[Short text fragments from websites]
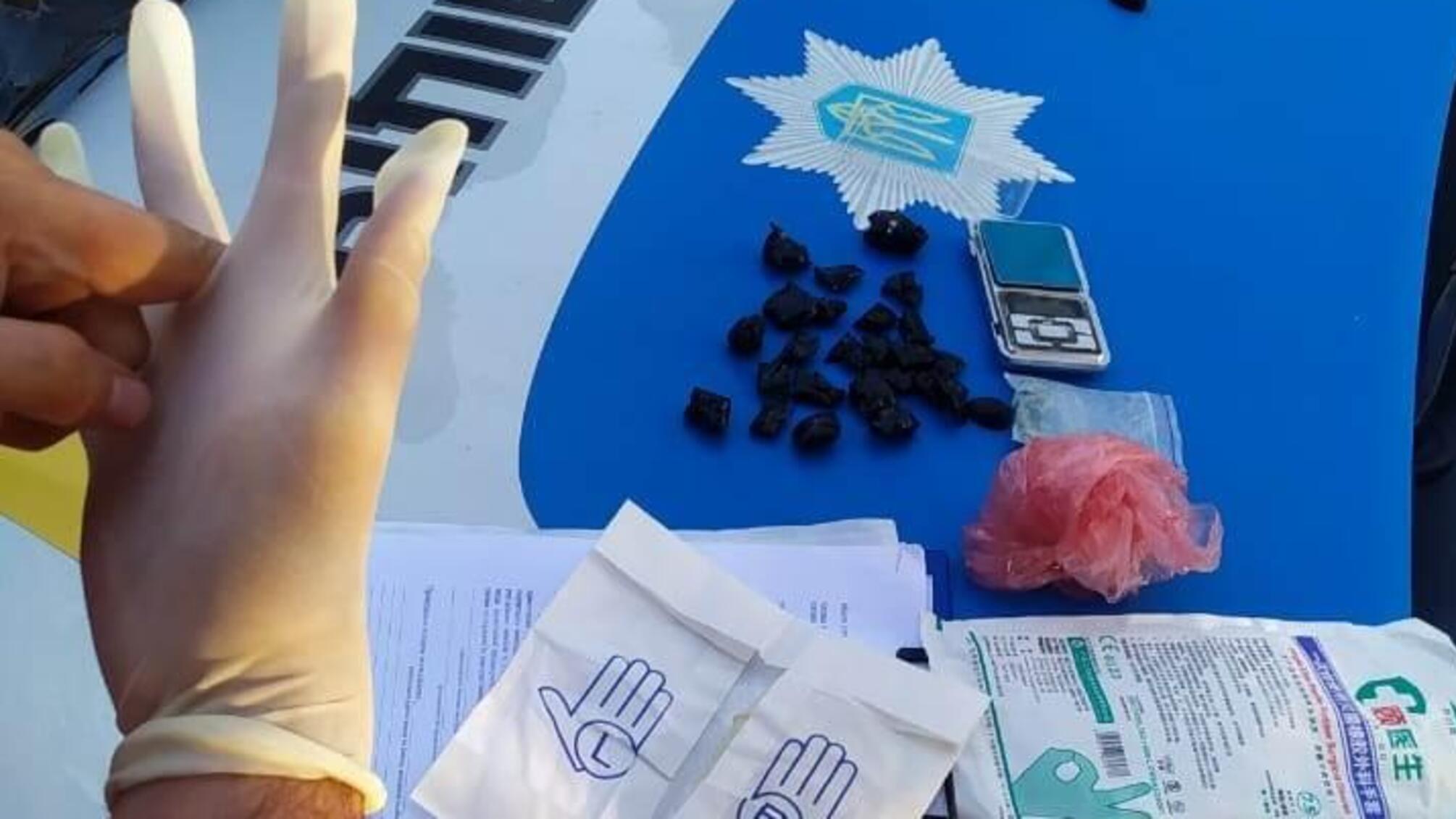 В Суворовському районі Одеси поліцейські затримали розповсюджувача наркотиків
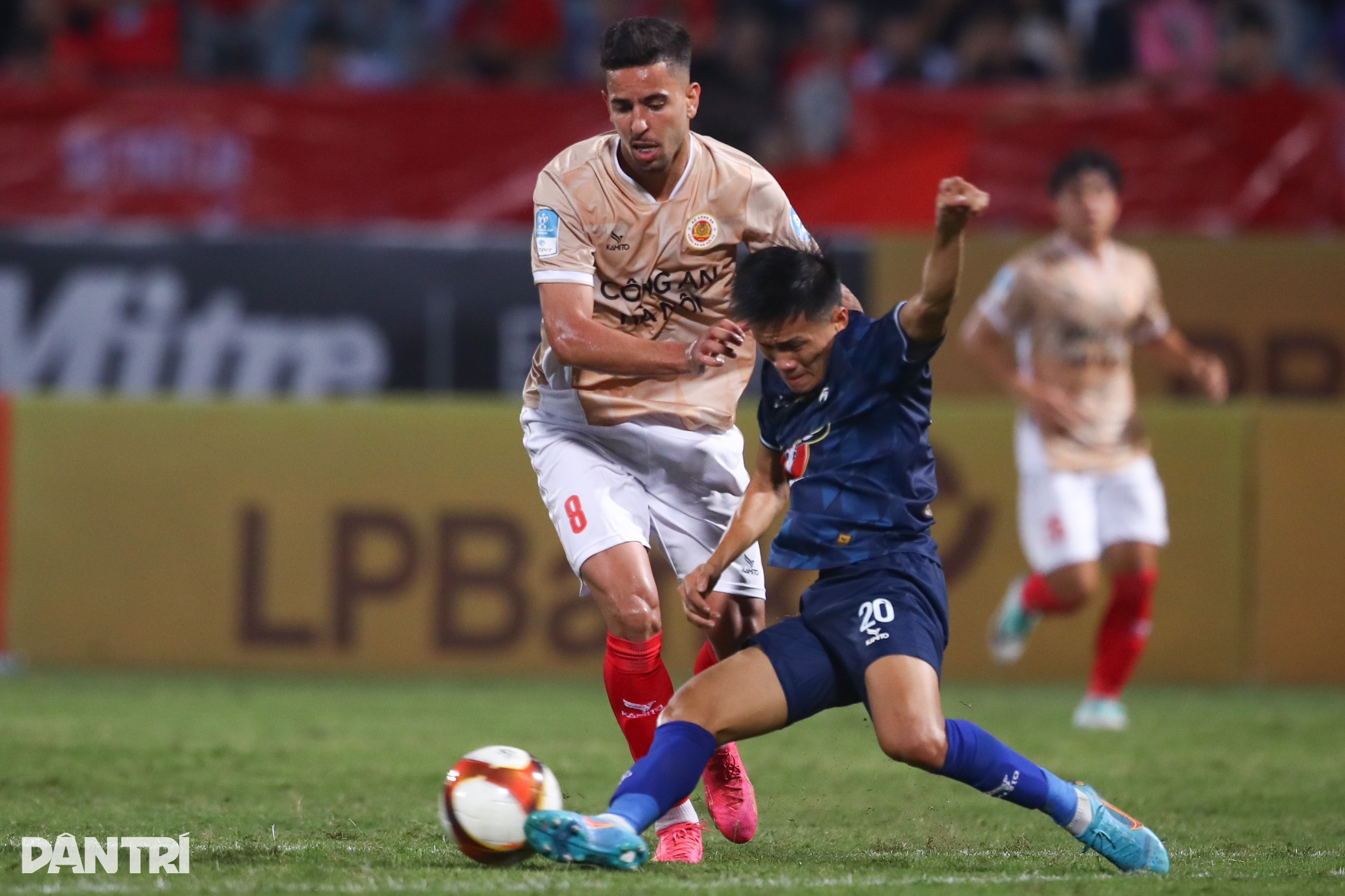 ក្លឹបប៉ូលីសហាណូយបានយកឈ្នះ HA Gia Lai នៅថ្ងៃដែលគ្រូបង្វឹក Gong Oh Kyun បង្ហាញខ្លួនជាលើកដំបូង - 5 CLB Công an Hà Nội đánh bại HA Gia Lai trong ngày HLV Gong Oh Kyun ra mắt - 5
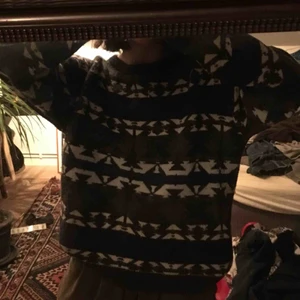  - Mysig stickad mönstrad tröja från Weekday. Väldigt varm och gosig. Grå vit och mörkblå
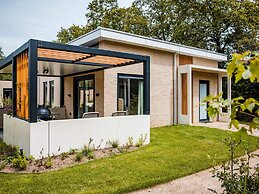 Spacious Holiday Home in Voorhuizen With Terrace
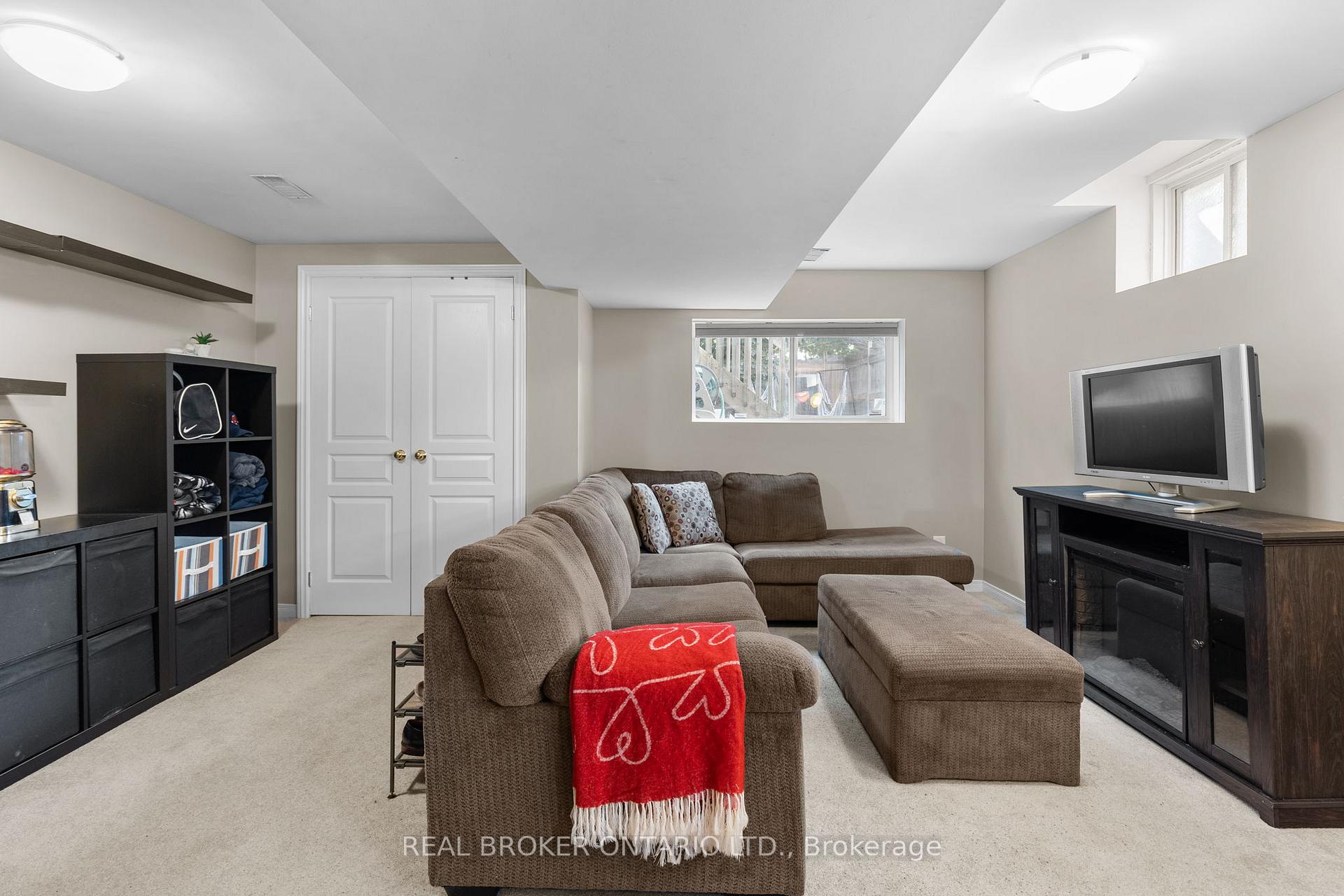 Photo 34 of 83 Winchester Terrace, Barrie, Rural Barrie Southeast — HOMEH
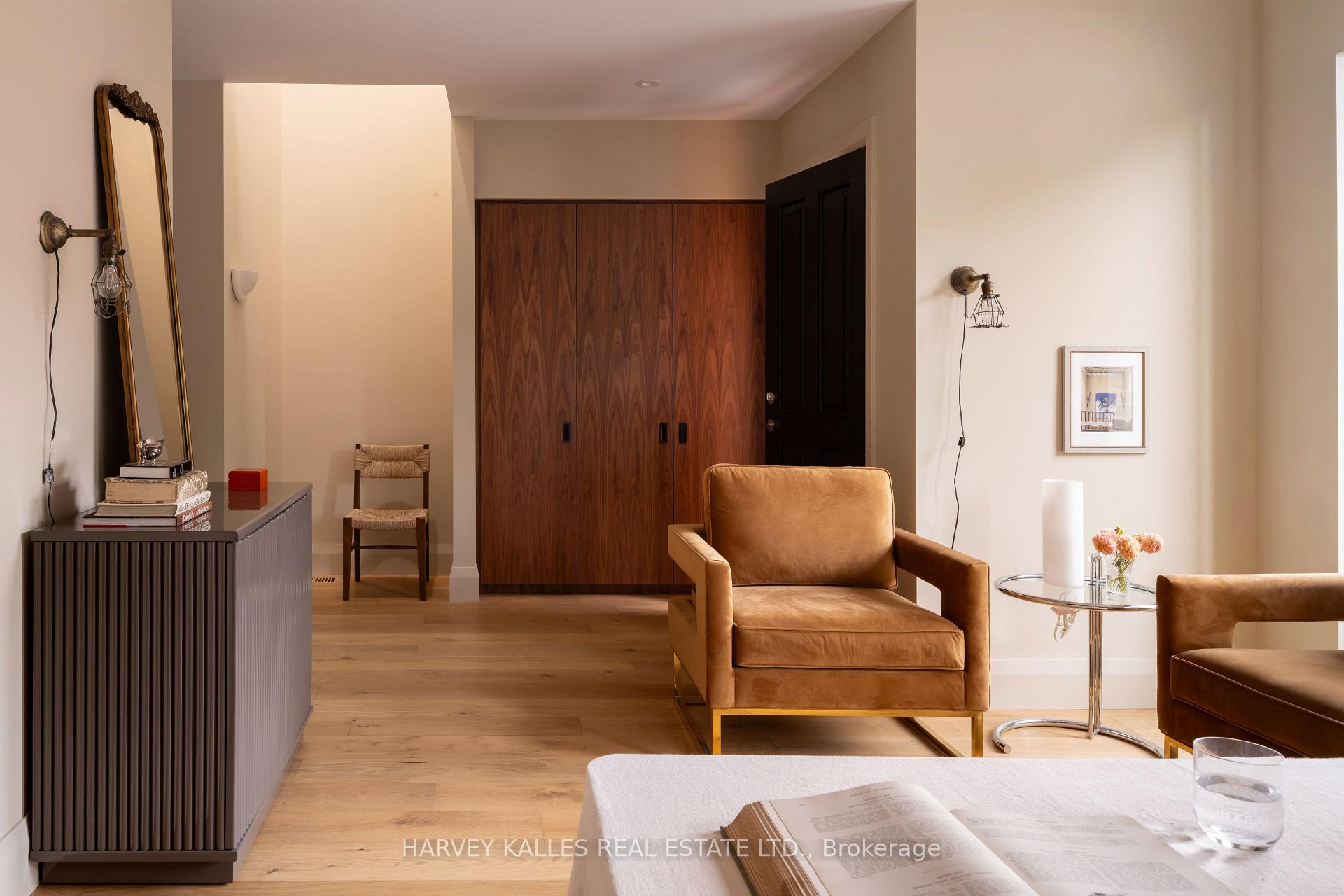 Photo 7 of Unit A, 157 Hallam Avenue, Toronto, Dovercourt-Wallace Emerson-Junction — HOMEH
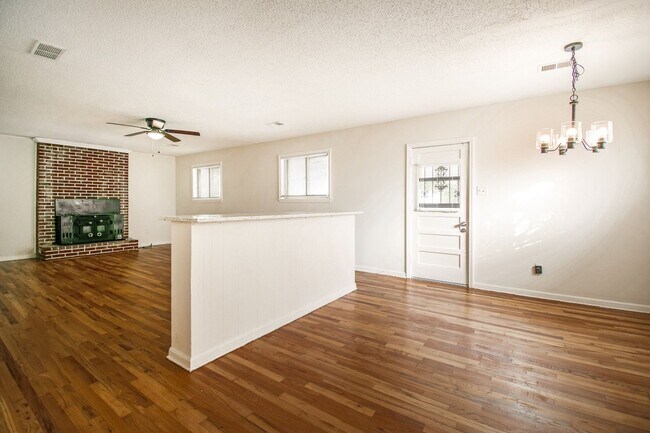 Building Photo - Newly Renovated 3BR/1B home in Whitehaven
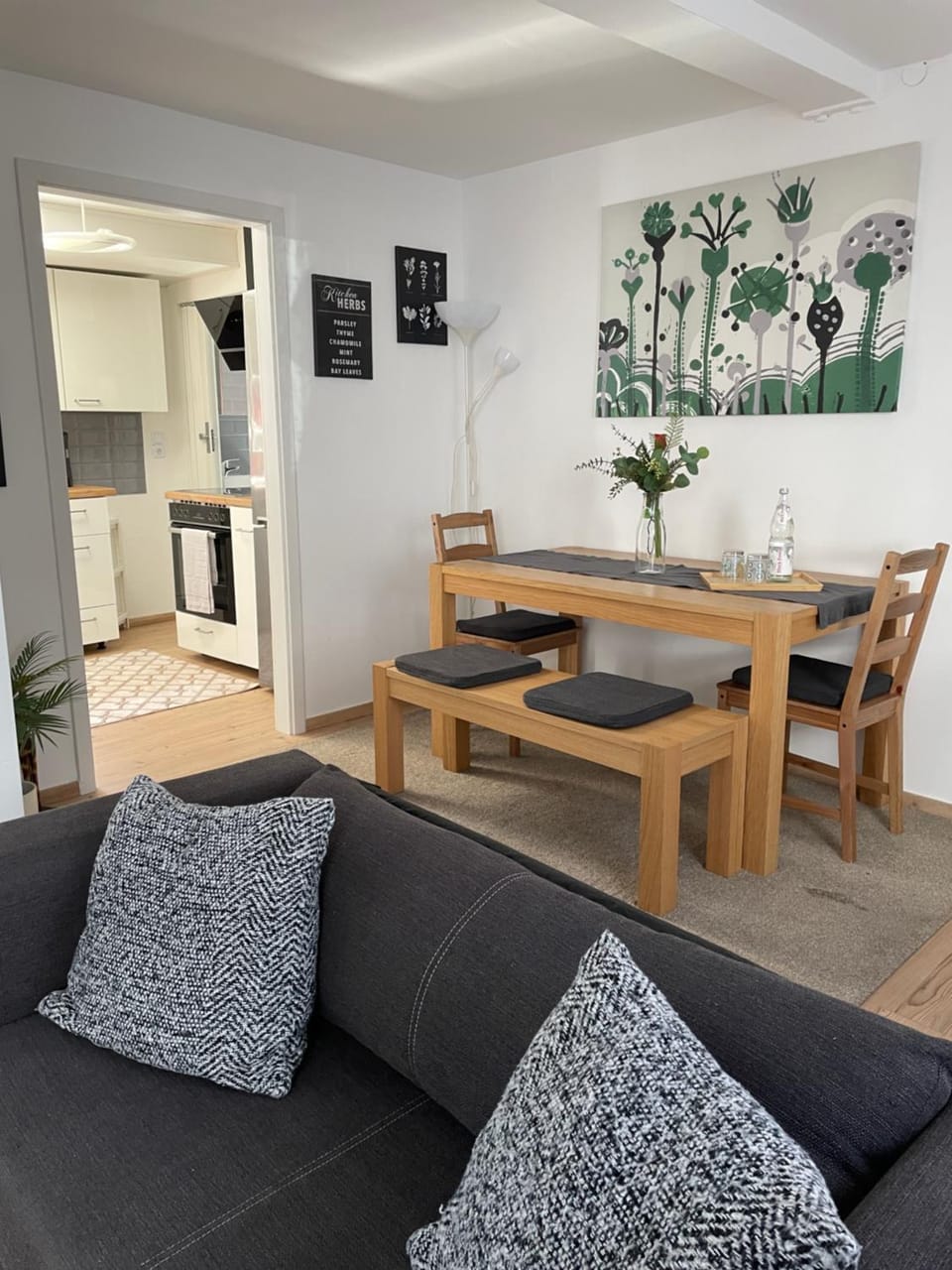 Living room, Seating area, Dining area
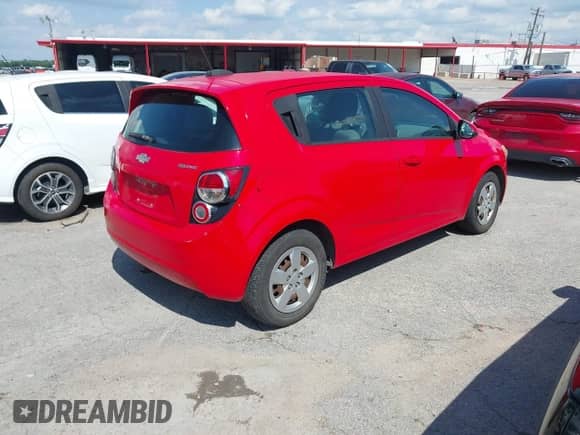2015 Chevrolet Sonic LS with VIN 1G1JA6SH8F4159267, listed as a IAAI auction lot 42705619 with 116,650 mi miles and . Bid and sale history available at DreamBid. Image 4.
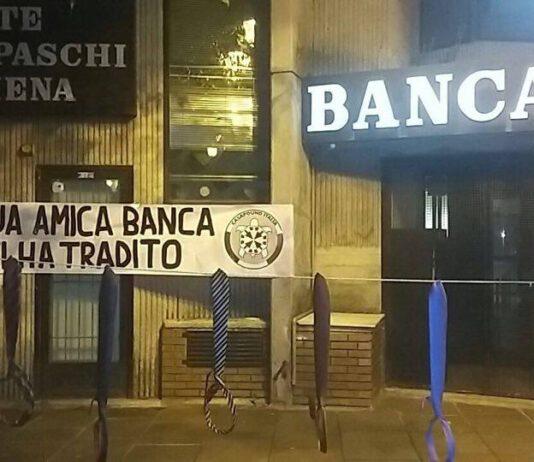 Salvabanche: cravatte annodate come cappi davanti alla filiale di MPS, azione choc di CasaPound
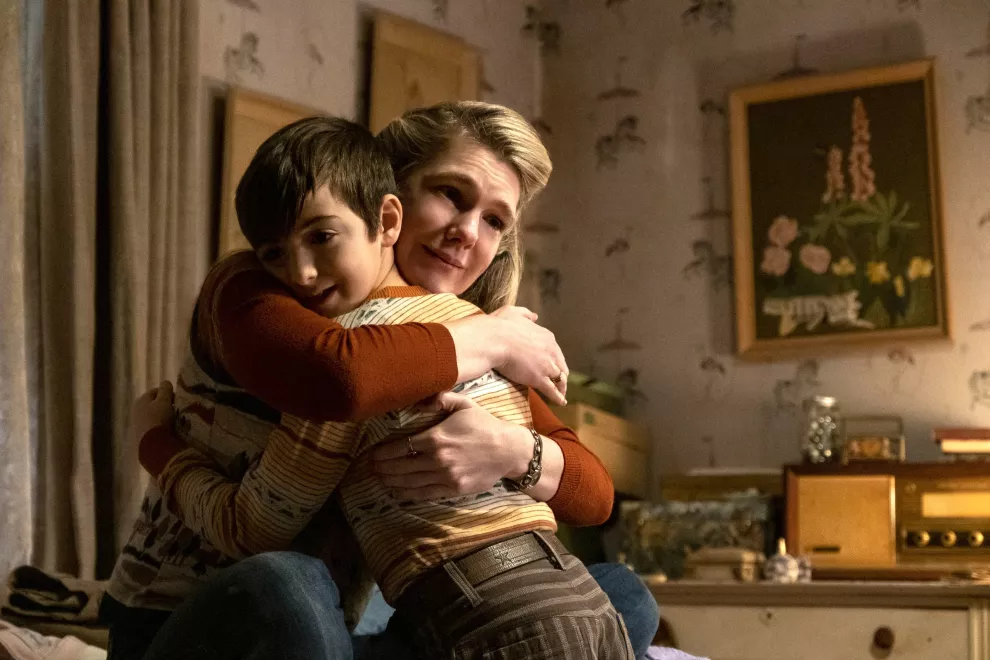 Lily Rabe y Daniel Ranieri en "The Tender Bar". Foto: Amazon Prime Video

What the exercise asks
Take the data above and repeat it exactly, leaving each picture out.

Reply
 В Суворовському районі Одеси поліцейські затримали розповсюджувача наркотиків
 ក្លឹបប៉ូលីសហាណូយបានយកឈ្នះ HA Gia Lai នៅថ្ងៃដែលគ្រូបង្វឹក Gong Oh Kyun បង្ហាញខ្លួនជាលើកដំបូង - 5 CLB Công an Hà Nội đánh bại HA Gia Lai trong ngày HLV Gong Oh Kyun ra mắt - 5
  - Mysig stickad mönstrad tröja från Weekday. Väldigt varm och gosig. Grå vit och mörkblå
 Spacious Holiday Home in Voorhuizen With Terrace
 Photo 34 of 83 Winchester Terrace, Barrie, Rural Barrie Southeast — HOMEH
 Photo 7 of Unit A, 157 Hallam Avenue, Toronto, Dovercourt-Wallace Emerson-Junction — HOMEH
 Building Photo - Newly Renovated 3BR/1B home in Whitehaven
 Living room, Seating area, Dining area
2015 Chevrolet Sonic LS with VIN 1G1JA6SH8F4159267, listed as a IAAI auction lot 42705619 with 116,650 mi miles and . Bid and sale history available at DreamBid. Image 4.
 Salvabanche: cravatte annodate come cappi davanti alla filiale di MPS, azione choc di CasaPound
 Lily Rabe y Daniel Ranieri en "The Tender Bar". Foto: Amazon Prime Video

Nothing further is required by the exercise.